The Invisible Support of Black Women Athletes
While Smith and Carlos were on the podium, other black athletes were considering their own acts of solidarity. Wyomia Tyus, the gold medalist in the 100 meters, was a supporter of the OPHR. She and other women on the track team considered wearing black armbands but decided against it to avoid drawing further fire onto the team. "We were all part of the same struggle," Tyus later wrote. Their quiet sacrifice—choosing to sublimate their own protest to protect the larger movement—is a vital part of the story. Women like Madeline Manning, who won gold in the 800 meters, and Willye B. White, who won silver in the long jump, carried the spirit of the OPHR even if they did not raise a fist on the podium.
The Reassessment: From Infamy to Icon
For thirty years, Smith and Carlos were pariahs in the American sports establishment. They were omitted from official U.S. Olympic Committee histories. They were not invited to anniversary celebrations. The U.S. media continued to frame their gesture as an act of political agitation that had ruined their lives and embarrassed the country.

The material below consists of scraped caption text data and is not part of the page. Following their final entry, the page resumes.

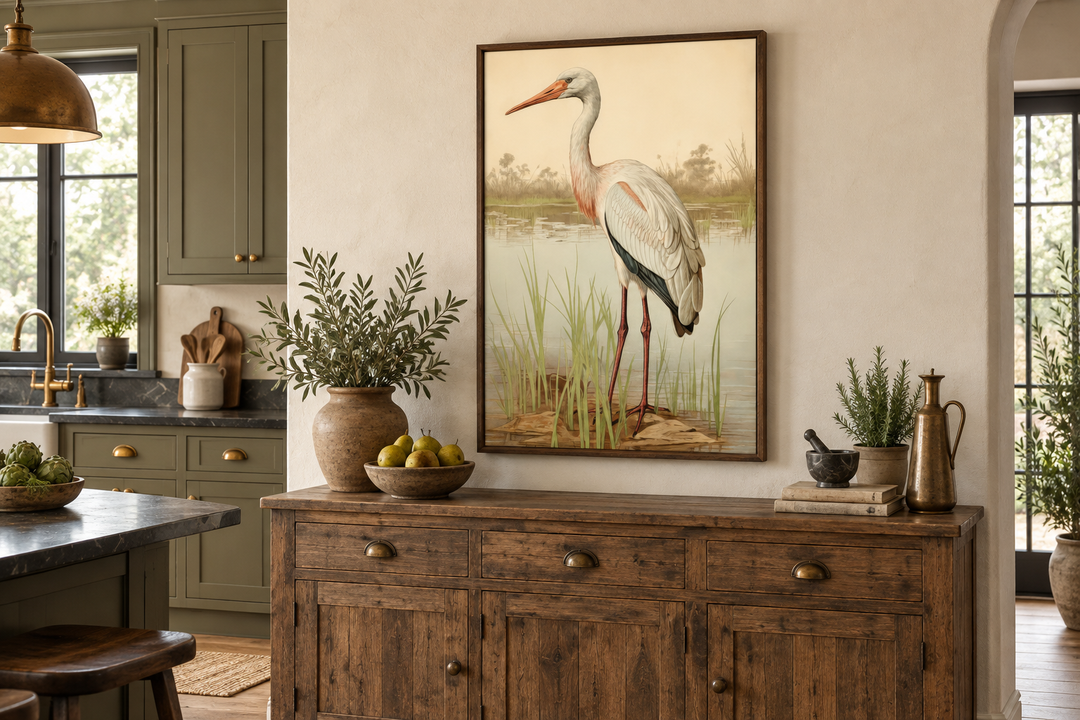 Vintage stork painting framed canvas wall art featuring a white stork in reeds above a wood buffet.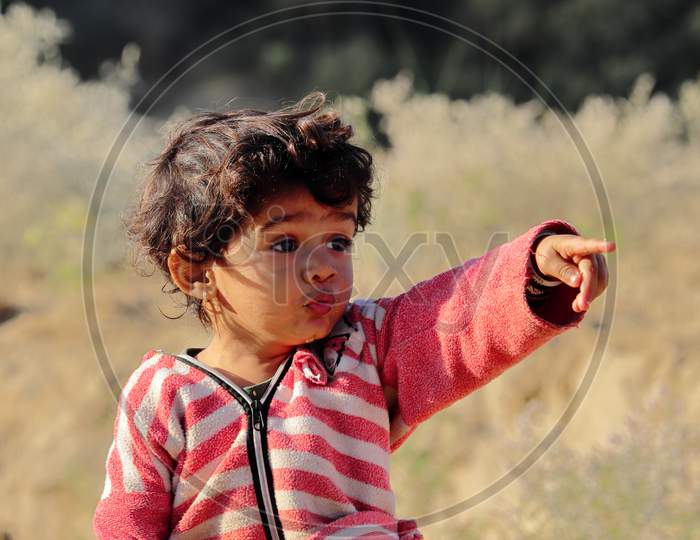 A Little Boy Of Indian Origin Is Seen Looking Away From His Finger And Hand.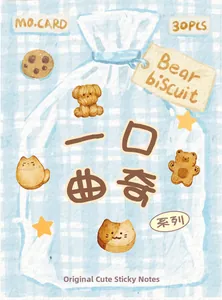Detail of cute animal cookie sticky notes with bear and cat designs for journaling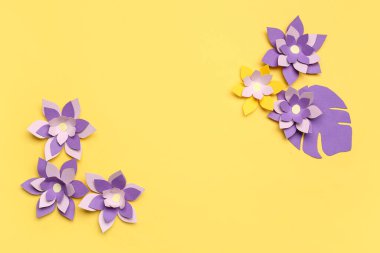 Renkli origami çiçekleri ve sarı arkaplanda yapraklar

The turning point did not come until the late 1990s and early 2000s. A new generation of historians, filmmakers, and activists began to reassess the 1960s. The moral clarity of the Civil Rights Movement began to overshadow the Cold War anxieties of the previous generation.
The Statue at San Jose State
In 2005, San Jose State University—where Edwards had organized the OPHR and where Smith and Carlos had been students—unveiled a 22-foot-tall statue of the two men. It was a moment of profound institutional validation. The statue depicts them on the podium, arms raised, heads bowed. It has become a pilgrimage site for activist athletes and a permanent rebuke to the idea that sports and politics can be separated.

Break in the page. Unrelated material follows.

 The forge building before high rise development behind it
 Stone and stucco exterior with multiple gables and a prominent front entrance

The Kaepernick Era and the 2019 Rule Change
In 2016, Colin Kaepernick took a knee during the national anthem. The backlash was immediate and ferocious, drawing direct parallels to the treatment of Smith and Carlos. The NFL blackballed Kaepernick, just as the USOC had blackballed the 1968 sprinters. But the cultural tide had shifted. Social media allowed a counter-narrative to flourish.
In 2016, the United States Olympic Committee formally apologized to Smith and Carlos for their treatment. In 2019, the USOPC repealed the rule that explicitly banned political expression on the podium. The lesson had finally been learned by the institutions: forcing silence does not create unity; it creates resentment and erodes the very ideals of freedom the Olympics claim to uphold.
The gesture of the raised fist has traveled far beyond track and field. The U.S. women’s soccer team has used it. The WNBA has used it. The global protests following the murder of George Floyd in 2020 saw athletes around the world take a knee or raise a fist. All of them stand in the shadow of Smith and Carlos.
The Echo That Refuses to Fade
The men who raised their fists on that cool October night did not set out to be heroes. They set out to be free. They understood that the platform of the Olympics was a rare and powerful one, and they chose to use it not for personal glory, but for a collective demand for dignity. The photograph of that moment is a permanent reminder that silence in the face of injustice is complicity. The story behind the salute is a testament—not in the sentimental sense, but in the legal sense—a testimony of what it costs to stand up for what is right. The debt of recognition is immense, but it is a debt we must continue to pay by remembering not just the image, but the full, complex, and costly story of the people who made it.